## Problem statement
Restate word for word the lines below, from the one containing "车抵贷业务的开展策略与建议" through the final line, with no pictures included.

## Information supplied
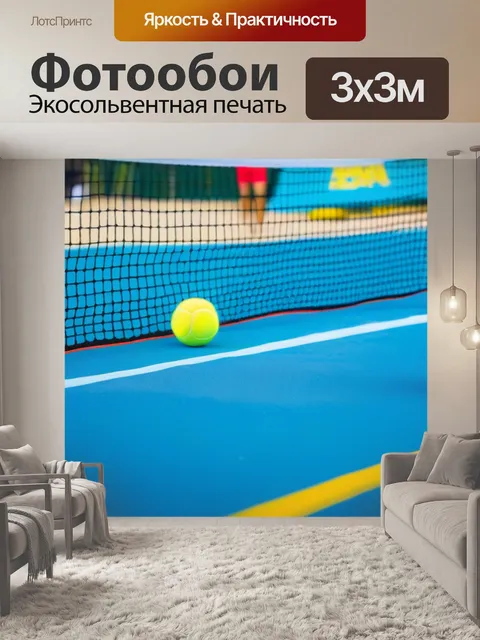 Фотообои совместная игра в пляжный теннис
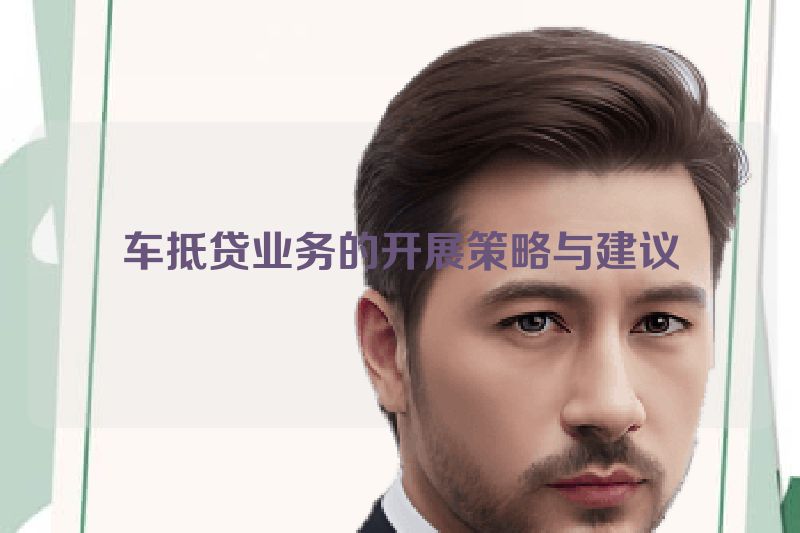 车抵贷业务的开展策略与建议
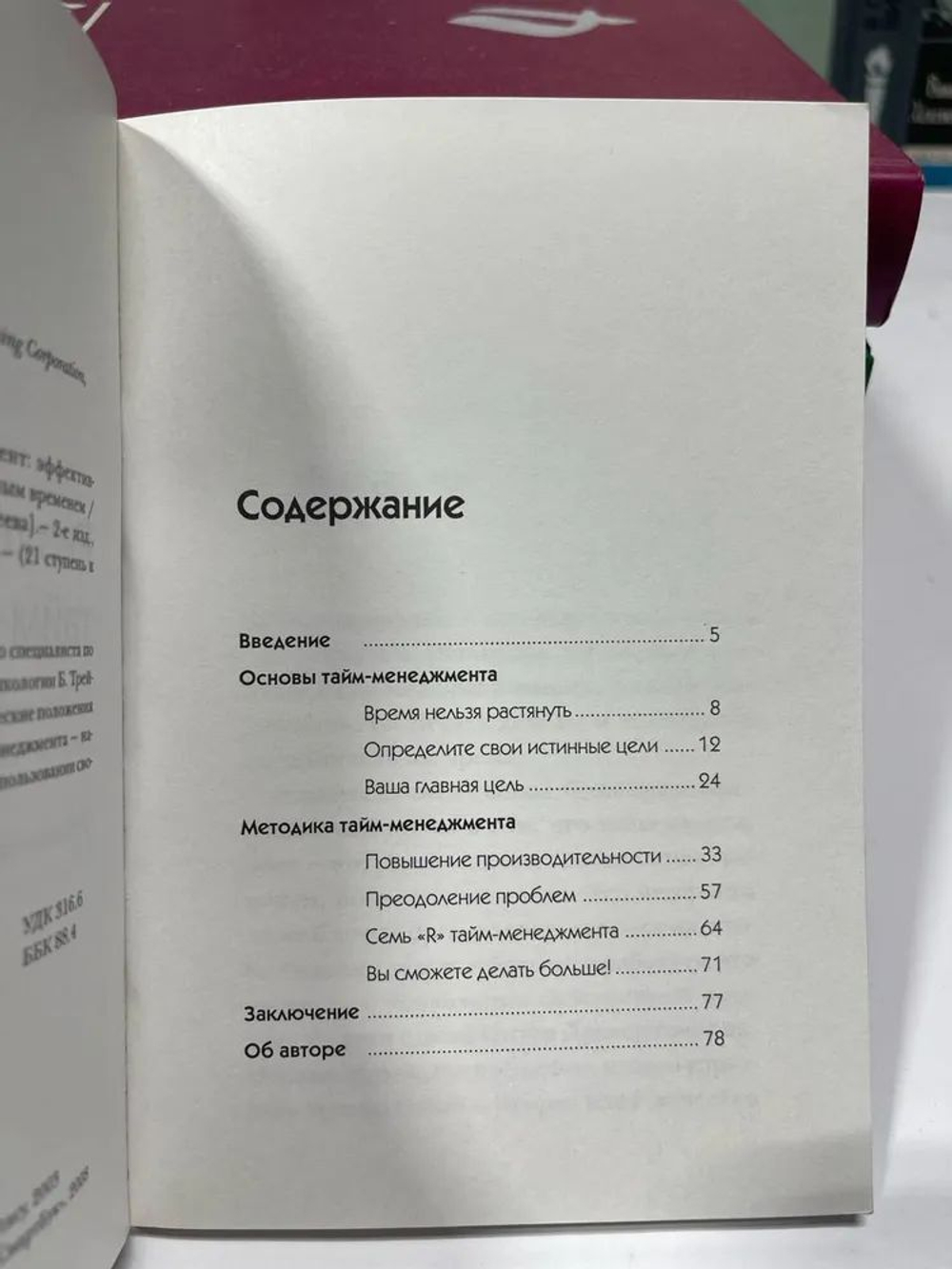 Результативный тайм-менеджмент. Эффективная методика управления собственным временем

## Task response
 车抵贷业务的开展策略与建议
 Результативный тайм-менеджмент. Эффективная методика управления собственным временем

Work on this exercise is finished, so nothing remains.